L’Irish blues-rock di HOZIER fa vibrare l’Anfiteatro del Vittoriale

Il cantautore irlandese si è esibito a Gardone Riviera per l’unica tappa italiana del suo tour. Con sé ha portato il suo stile inconfondibile con influenze folk, gospel e jazz. E una band di ottimi musicisti.

Articolo di Silvia Cravotta | Foto di Federico Buonanno

Difficile immaginare una location migliore dell’Anfiteatro del Vittoriale per un concerto come quello di Hozier. Il complesso voluto e abitato da Gabriele D’Annunzio – con i suoi panorami e la sua architettura unica – ha offerto la cornice ideale alle note del cantautore irlandese, che si è esibito qui per la sua unica data italiana, nell’ambito del Festival Tener-a-mente di Gardone Riviera (BS).
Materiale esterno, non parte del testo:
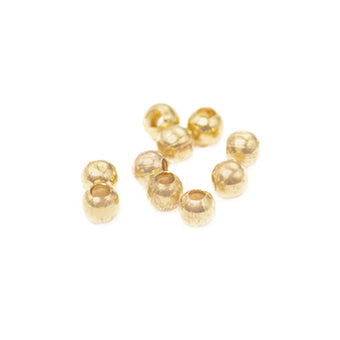 Esfera Lisa 3mm Dorado Brillante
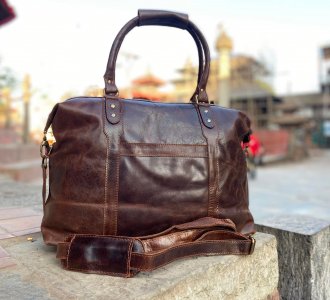 Genuine leather Travel bag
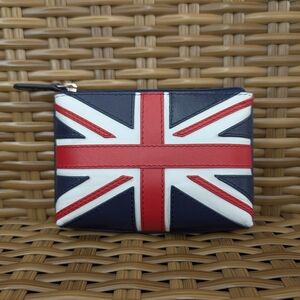 Union Jack Genuine Leather Wallet Pouch Bag Made For Historical Royal Palaces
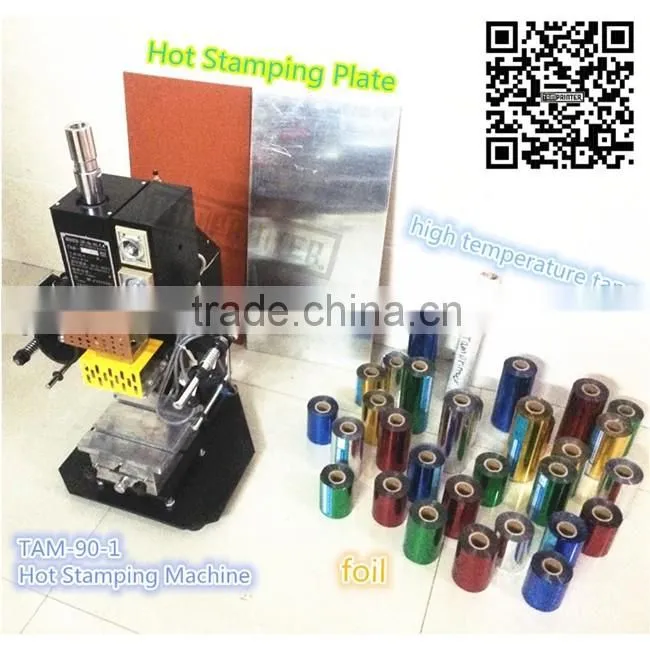 TAM-90-1 high product Hot foil Stamping Machine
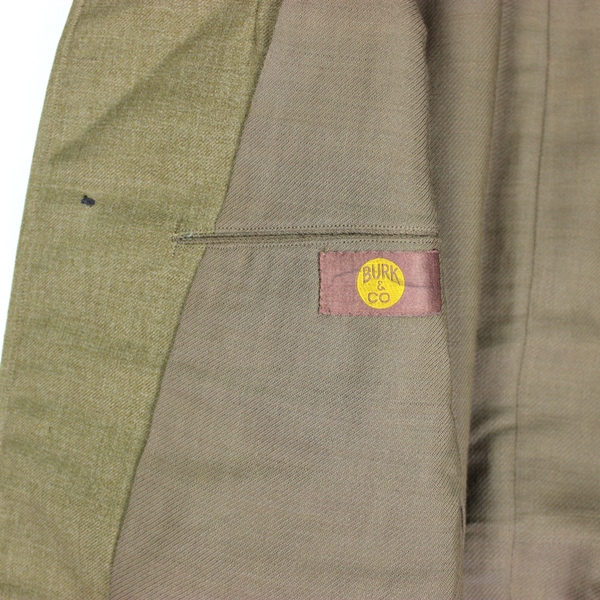 Officers OD wool service coat and breeches - Sanitary Corps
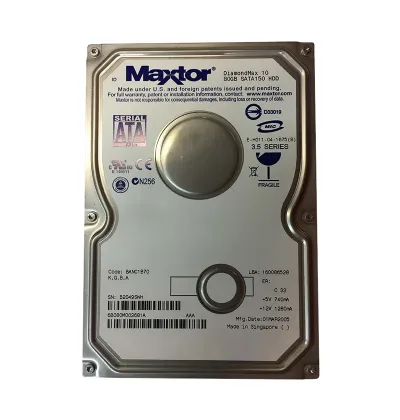 6B080M0 - Maxtor DiamondMax 10 80GB 7200RPM SATA 1.5Gb/s 8MB Cache 3.5-inch Hard Drive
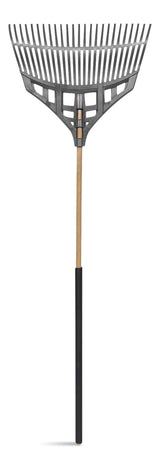 Ultra-Light Leaf Rake with Hardwood Shaft, 24-in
Una rassegna che ha già dato spazio a molti bei nomi e che nei prossimi giorni ospiterà, tra gli altri, Tom Odell, Jacob Collier e due pezzi di storia come Stewart Copeland e Nick Mason.

Che quello di Hozier (all’anagrafe Andrew Hozier-Byrne) fosse un arrivo molto atteso, ovviamente andato sold out, lo si capiva già dalla fila senza fine di persone che si dipanava sotto i muri del monumento. A più di due ore dall’inizio del concerto, tutto intorno era un gran viavai di macchine, parcheggi (gratuiti) che non si trovavano e bella gioventù, la stessa che riempirà più tardi le sedie dell’anfiteatro. Le vibes sono assolutamente good, non solo per l’attesa emozionata che si respira ma per il quadro che le sta intorno, la morbida luce serale, la bellezza del Vittoriale che si intravede già prima di entrare, l’aria rilassata delle persone sedute ai tavolini per l’aperitivo.

E parecchio emozionata, ma anche molto felice di essere dove si trovava in quel momento, era anche Victoria Canal. Alla giovane cantautrice e attivista ispano-americana, di origini tedesche, è spettato il compito di aprire il concerto come special guest, mentre il pubblico scorreva lento e rilassato verso i propri posti nell’anfiteatro. Sgabello, chitarra, Victoria saluta e intona la sua prima canzone. Dovrà arrivare il secondo brano prima che in tanti si accorgano, compresa chi scrive, che il suo braccio destro – quello che fa vibrare le corde – non è del tutto completo. Basta una veloce ricerca in rete per scoprire che è la conseguenza di una sindrome alla nascita detta “della banda amniotica”.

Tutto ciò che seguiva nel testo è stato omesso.